Dodoo is one of 151 Schwarzman Scholars chosen this year out of nearly 3,000 applicants from 33 countries. She is the eighth Amherst graduate to win the scholarship since it was founded in 2015 to foster understanding of Chinese culture and business among future generations of global leaders. 

“From a young age, I have been immersed in international education,” Dodoo wrote when applying for the Schwarzman. “I was born in Silver Spring, Md., but was educated in Accra, Ghana. Most of my immediate family currently live in Ghana.”

Dodoo carried what she calls a “mission of global cooperation” to Amherst, where she majored in law, jurisprudence and social thought and ultimately wrote a senior thesis on women and sexual minorities in postcolonial Africa. She also earned a Five College International Relations Certificate.
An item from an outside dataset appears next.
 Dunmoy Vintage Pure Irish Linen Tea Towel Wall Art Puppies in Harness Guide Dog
She held an internship at African Leadership University in Pamplemousses, Mauritius, in the summer of 2018 and studied abroad in Quito, Ecuador, in early 2020. Her dedication to community-building within Amherst’s African and Caribbean Students Union garnered her the Darienne Dac Madlada Heritage Award.
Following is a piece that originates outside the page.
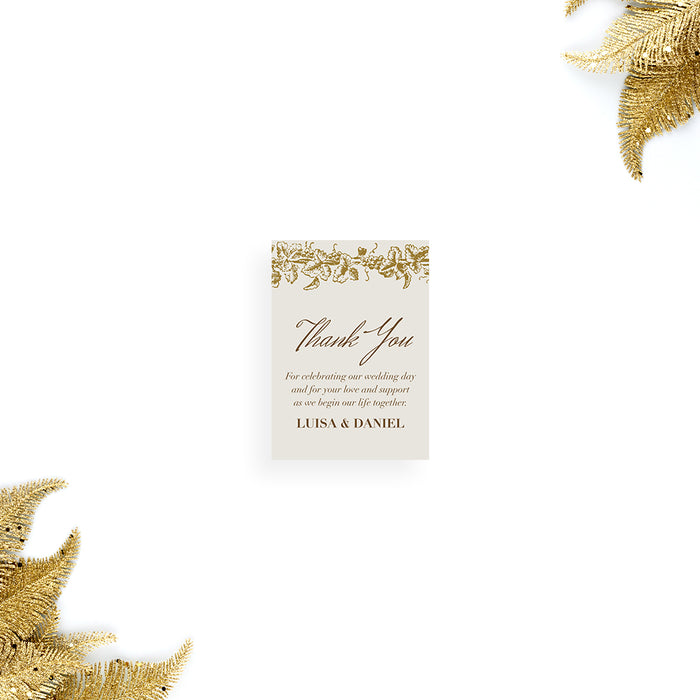 Personalized Gold Grapevine Vineyard Wedding Invitation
But Dodoo wrote—and the Amherst staff members who recommended her for the Schwarzman Scholarship agree—that she both broadened her global view and honed her leadership skills as an outreach coordinator and a summer intern in one of the College’s newly formed resource centers: “Working at the Center for International Student Engagement added the social perspective required to translate the theory I studied in classes into active programming for the Amherst community.” 

This programming included the International Student Pre-Orientation and the mental-health-focused International Interactions discussion series, which Dodoo co-facilitated with staff from the Counseling Center. “My goal when I joined the CISE was to make sure international students would have a voice, loud and distinct, in the Amherst student body,” she wrote in her Schwarzman application essay, which described her view from the podium as organizer and student speaker at the Be:Long International Student Graduation Ceremony in May.
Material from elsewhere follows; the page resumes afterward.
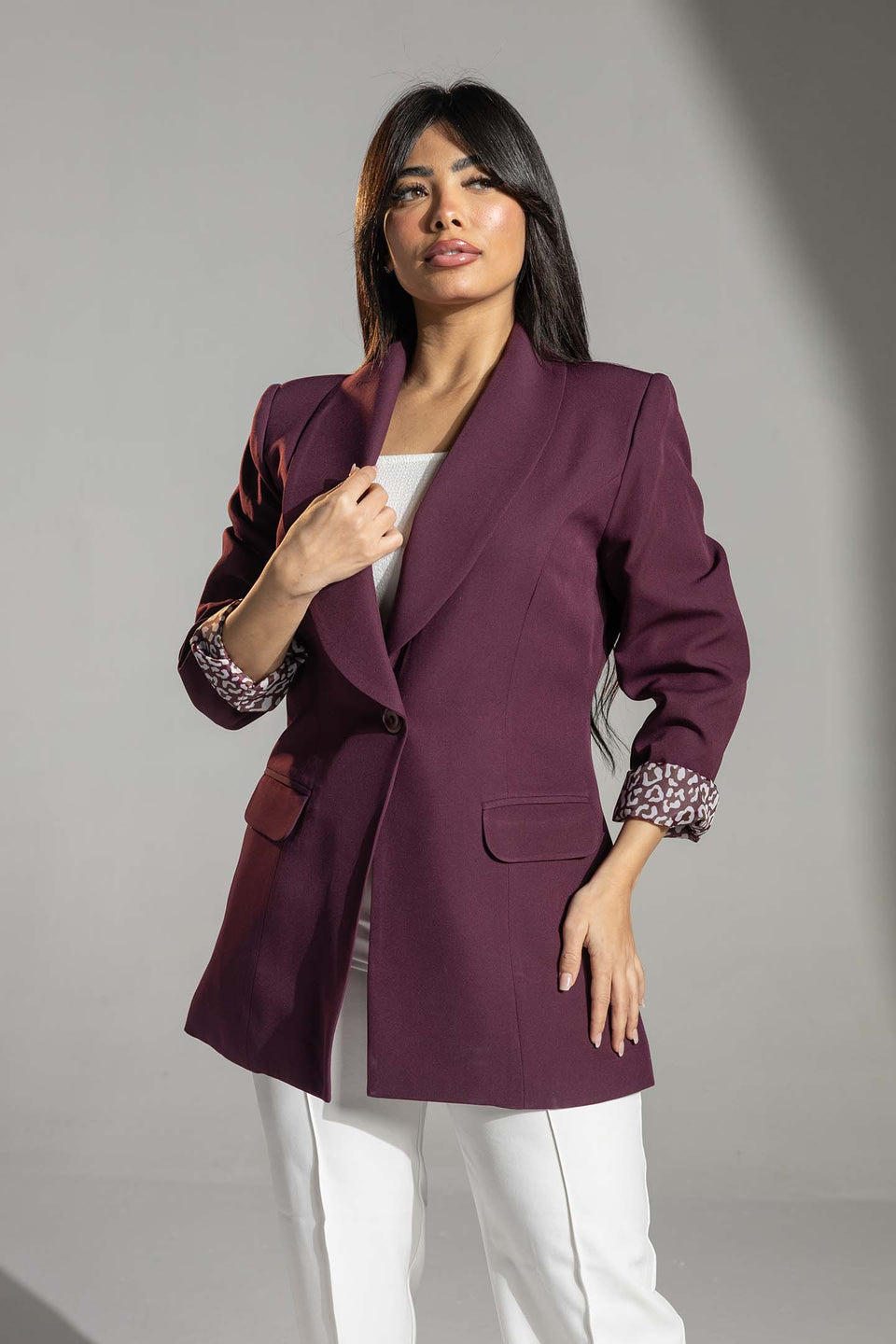 Burgundy Printed Cuff Detail Blazer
“Through CISE programming, I learned more about women’s rights movements worldwide and the formidable women leading the charge for equity. Among these women were the influential and strategic leaders from ancient to modern China,” she told the Schwarzman judges. “Exploring women’s rights in China will allow me to learn directly from and with women who lead in specific cultural and legal contexts different from my own.” 

“It took a village to get to this stage,” says Dodoo of her scholarship application process. “So much gratitude goes out to Christine [Overstreet] in the fellowship office for the helpful practice and prep, the alumni who helped answer my nervous calls, the staff members who continue to mentor me through Amherst and beyond, the friends who stood by to help even in the 11th hour and the faculty who were always on call when I needed guidance.”

Throughout her Schwarzman year, Dodoo hopes to engage in thoughtful conversations with students, workers and leaders, and to “paint a more holistic picture of global policy, and how it reflects in local governmental legislation.” She adds, “I am also very excited to experience the cultural richness of China (especially the food!).”